▸ Task statement
Keep the pictures out. Restate the entries below word for word.

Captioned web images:
BEGIN

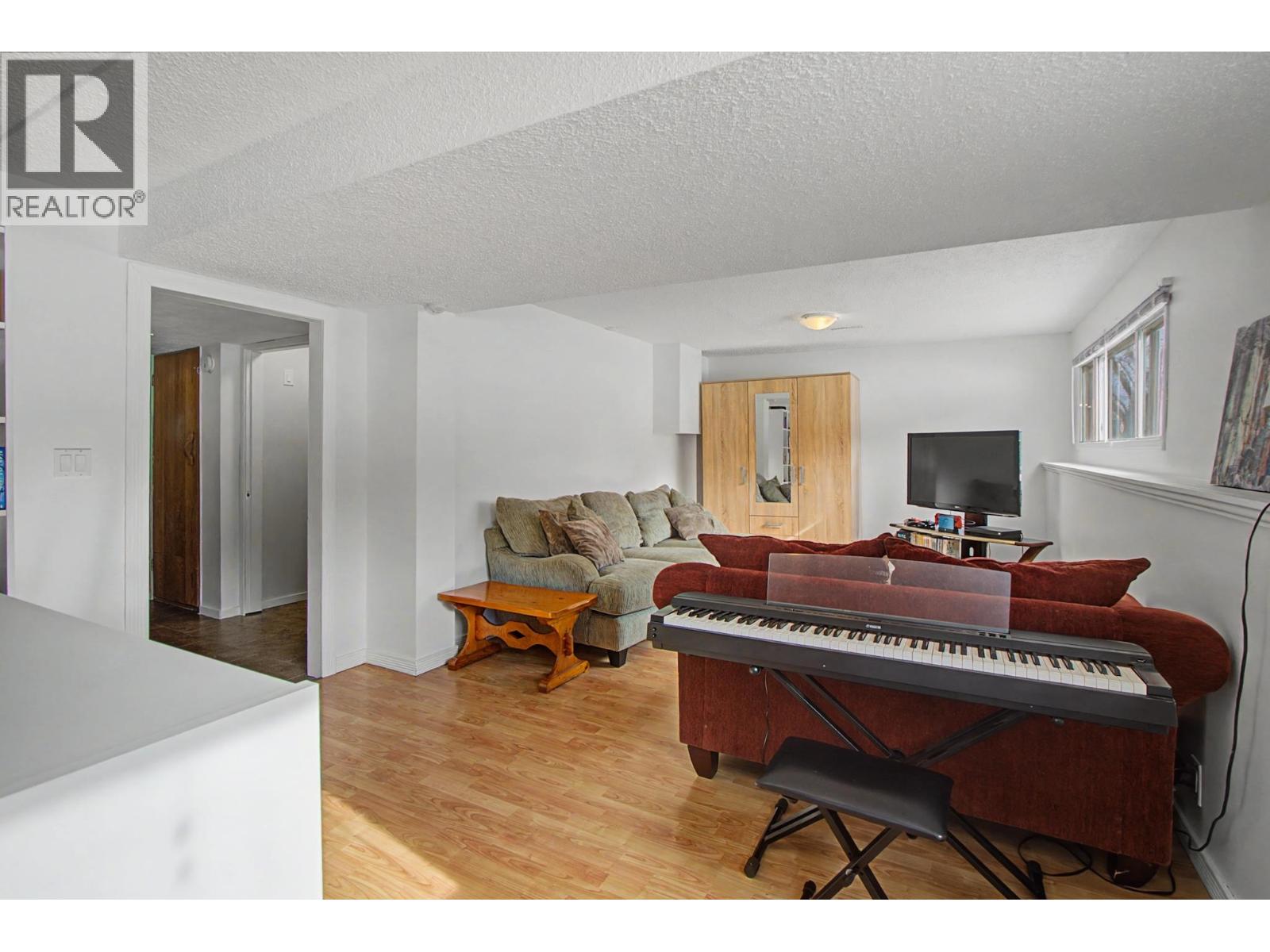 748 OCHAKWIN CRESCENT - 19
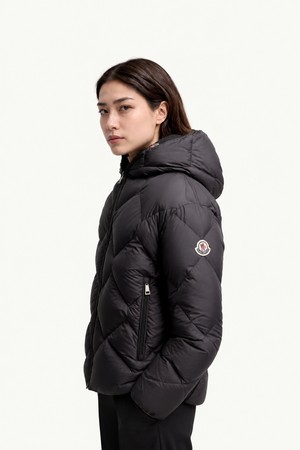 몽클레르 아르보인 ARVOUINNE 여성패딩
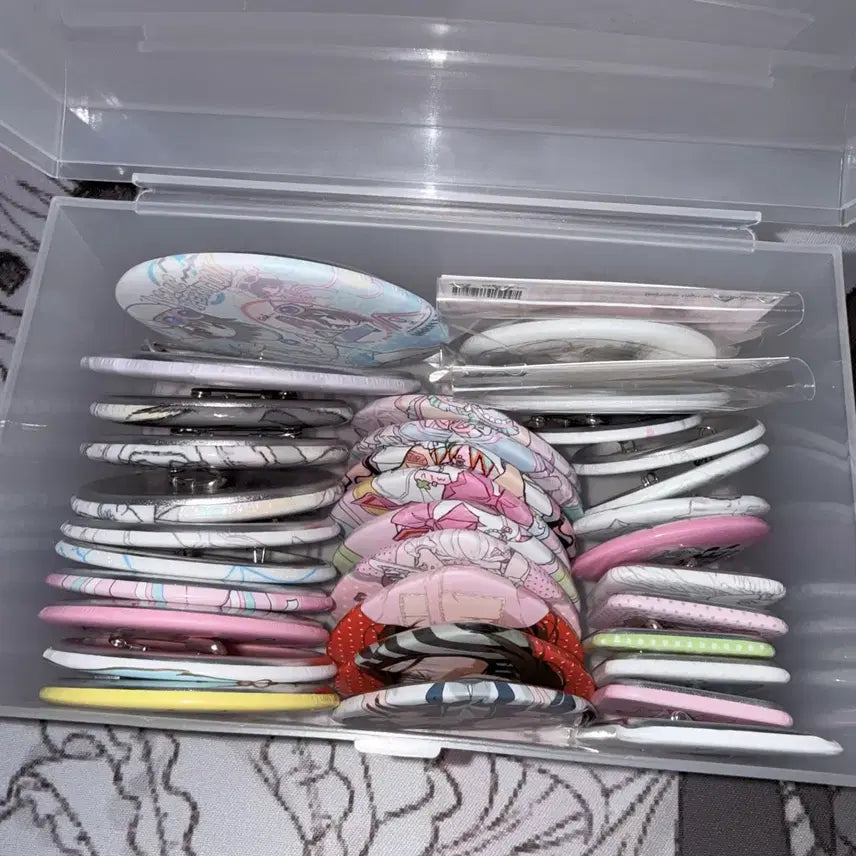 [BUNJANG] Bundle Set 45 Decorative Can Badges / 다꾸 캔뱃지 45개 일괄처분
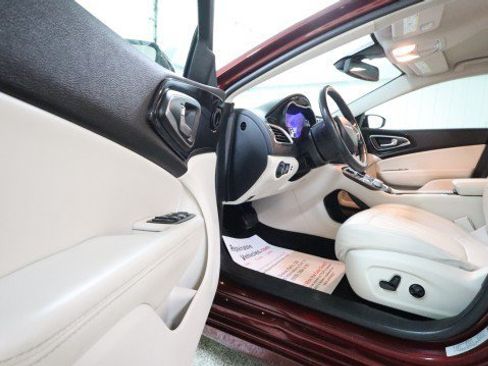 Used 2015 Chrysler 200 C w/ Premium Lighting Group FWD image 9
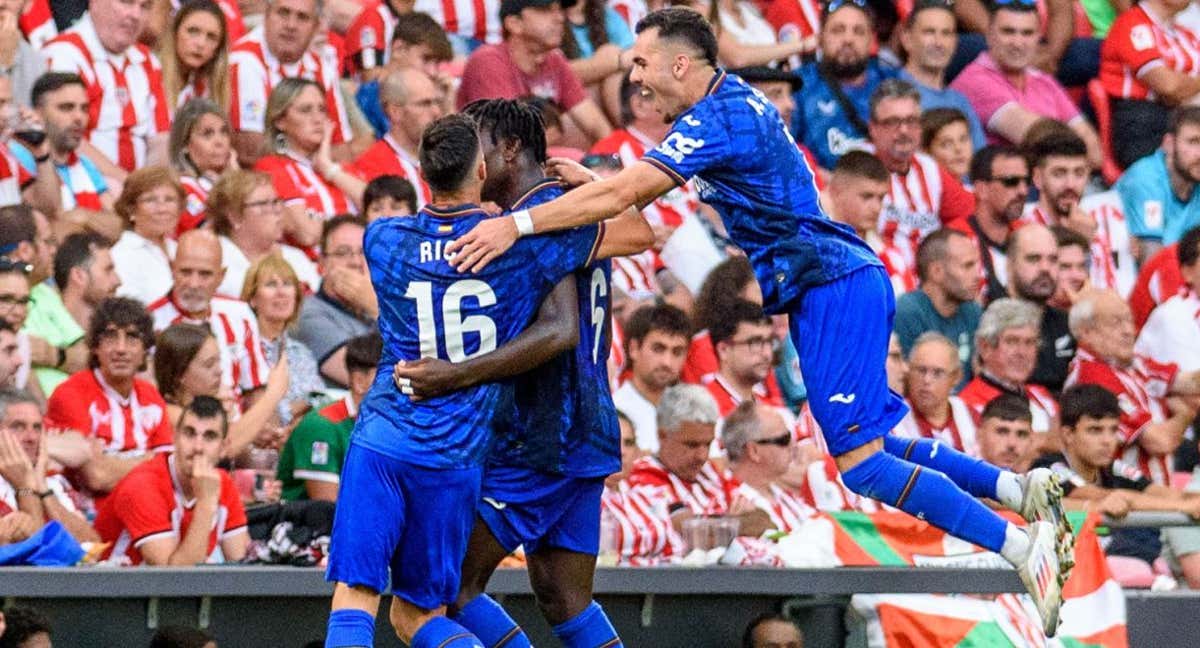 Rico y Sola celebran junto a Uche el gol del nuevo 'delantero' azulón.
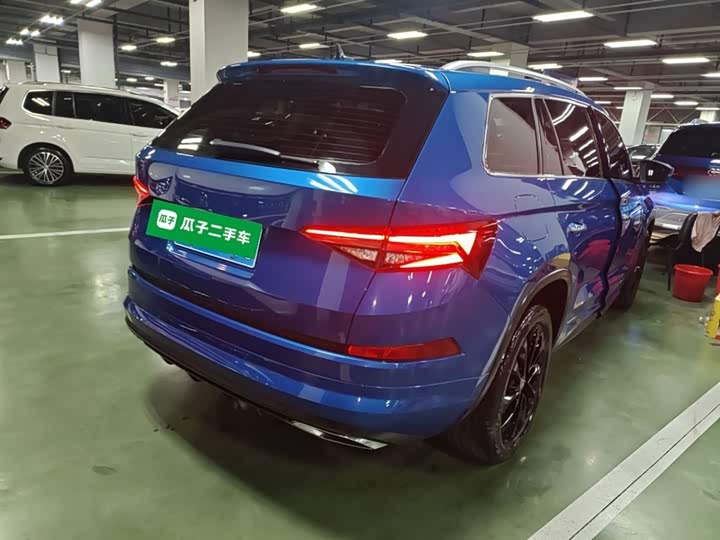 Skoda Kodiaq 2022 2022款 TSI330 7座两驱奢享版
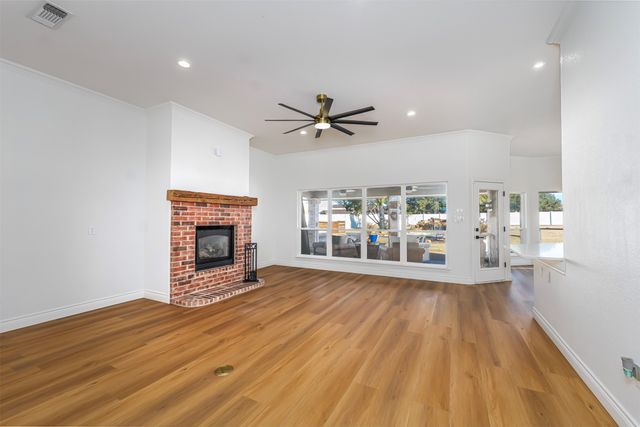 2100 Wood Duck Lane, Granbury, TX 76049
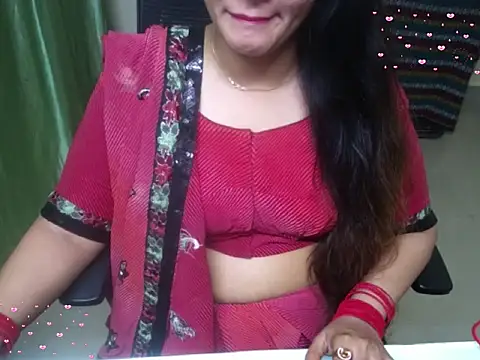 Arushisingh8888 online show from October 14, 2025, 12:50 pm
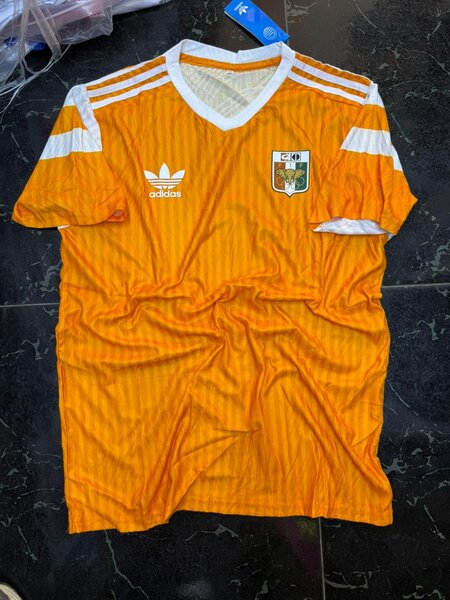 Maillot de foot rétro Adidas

END

▸ Answer to the problem
 748 OCHAKWIN CRESCENT - 19
 몽클레르 아르보인 ARVOUINNE 여성패딩
 [BUNJANG] Bundle Set 45 Decorative Can Badges / 다꾸 캔뱃지 45개 일괄처분
 Used 2015 Chrysler 200 C w/ Premium Lighting Group FWD image 9
 Rico y Sola celebran junto a Uche el gol del nuevo 'delantero' azulón.
 Skoda Kodiaq 2022 2022款 TSI330 7座两驱奢享版
 2100 Wood Duck Lane, Granbury, TX 76049
 Arushisingh8888 online show from October 14, 2025, 12:50 pm
 Maillot de foot rétro Adidas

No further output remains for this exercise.